-- THE INPUT --
************

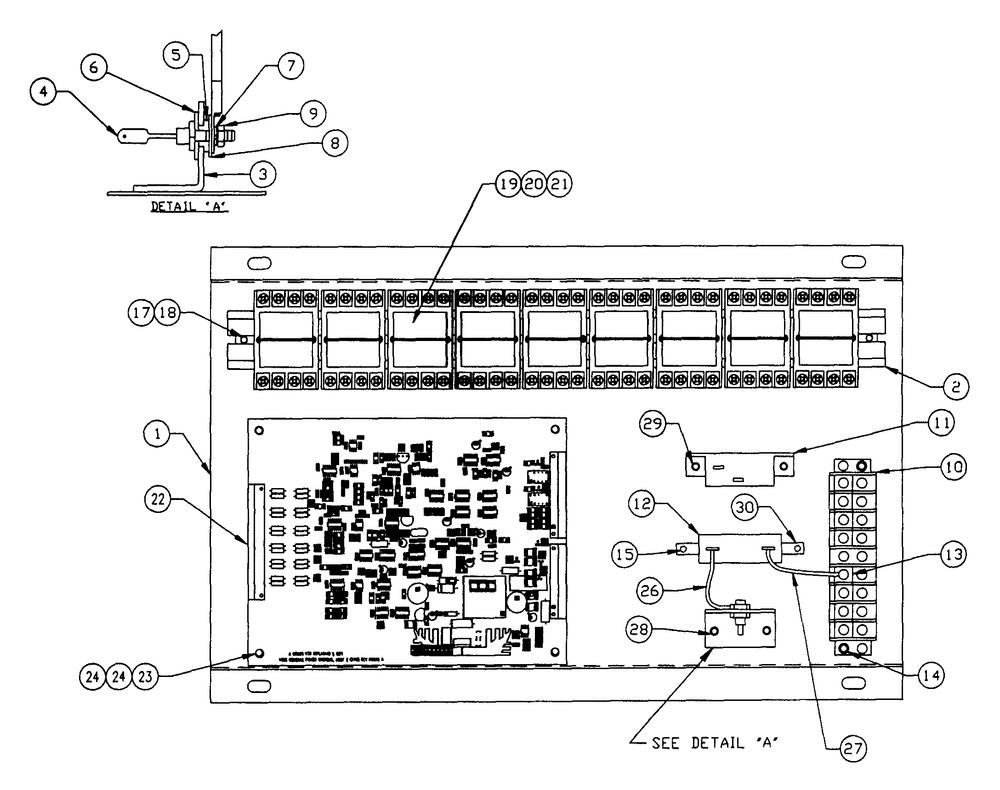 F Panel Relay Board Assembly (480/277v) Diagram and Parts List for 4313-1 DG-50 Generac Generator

************

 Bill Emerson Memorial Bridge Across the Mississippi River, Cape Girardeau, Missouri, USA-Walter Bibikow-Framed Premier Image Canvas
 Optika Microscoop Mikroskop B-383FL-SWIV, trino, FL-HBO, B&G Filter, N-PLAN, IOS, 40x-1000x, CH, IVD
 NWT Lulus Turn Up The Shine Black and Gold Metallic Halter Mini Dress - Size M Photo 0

************

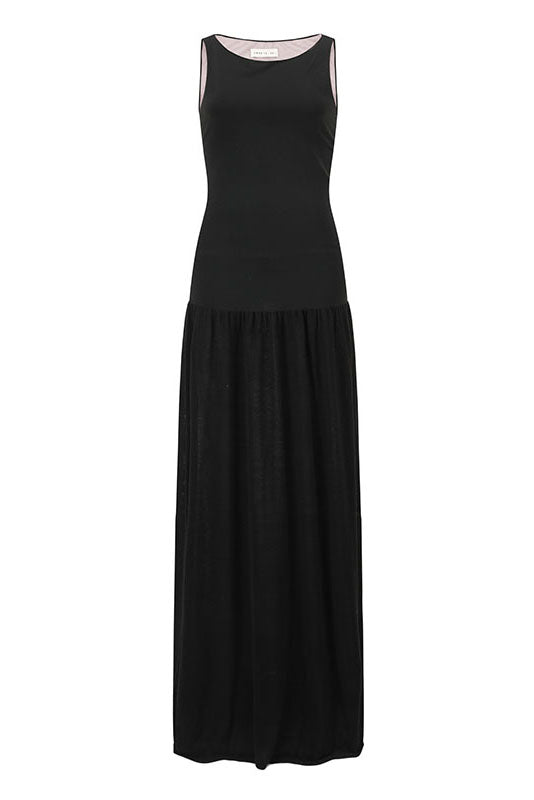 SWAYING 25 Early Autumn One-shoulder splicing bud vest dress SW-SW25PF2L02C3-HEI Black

************

-- WHAT THE TASK REQUIRES --
When you reach the line holding "Optika Microscoop Mikroskop" in the records above, begin reproducing exactly, stop after the line holding "NWT Lulus Turn", and output nothing else.

-- RESULT --
 Optika Microscoop Mikroskop B-383FL-SWIV, trino, FL-HBO, B&G Filter, N-PLAN, IOS, 40x-1000x, CH, IVD
 NWT Lulus Turn Up The Shine Black and Gold Metallic Halter Mini Dress - Size M Photo 0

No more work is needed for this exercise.